# TASK REQUIREMENTS:
All lines from the one containing "2017' Volvo V-40 וולוו photo #2" down to the one containing "Photo by Pattioxxx", both ends included, are to be given again exactly; omit the rest of the listing below.

# INPUT DATA:
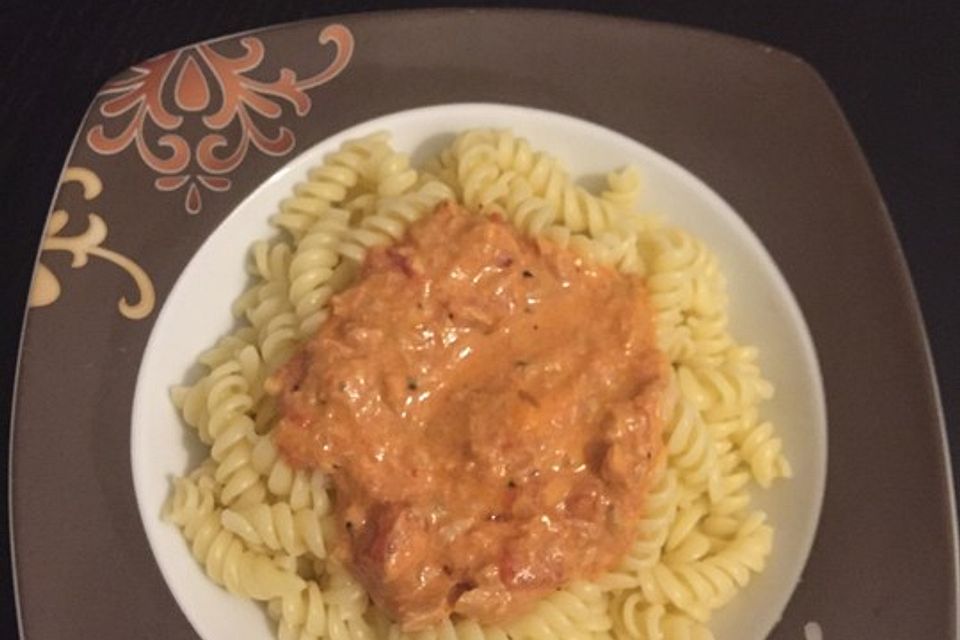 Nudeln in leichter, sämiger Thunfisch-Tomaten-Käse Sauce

==

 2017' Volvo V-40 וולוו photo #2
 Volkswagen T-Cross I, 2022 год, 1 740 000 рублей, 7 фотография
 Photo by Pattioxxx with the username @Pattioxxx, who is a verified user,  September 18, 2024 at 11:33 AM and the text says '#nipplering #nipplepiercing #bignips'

# EXERCISE RESULT:
 2017' Volvo V-40 וולוו photo #2
 Volkswagen T-Cross I, 2022 год, 1 740 000 рублей, 7 фотография
 Photo by Pattioxxx with the username @Pattioxxx, who is a verified user,  September 18, 2024 at 11:33 AM and the text says '#nipplering #nipplepiercing #bignips'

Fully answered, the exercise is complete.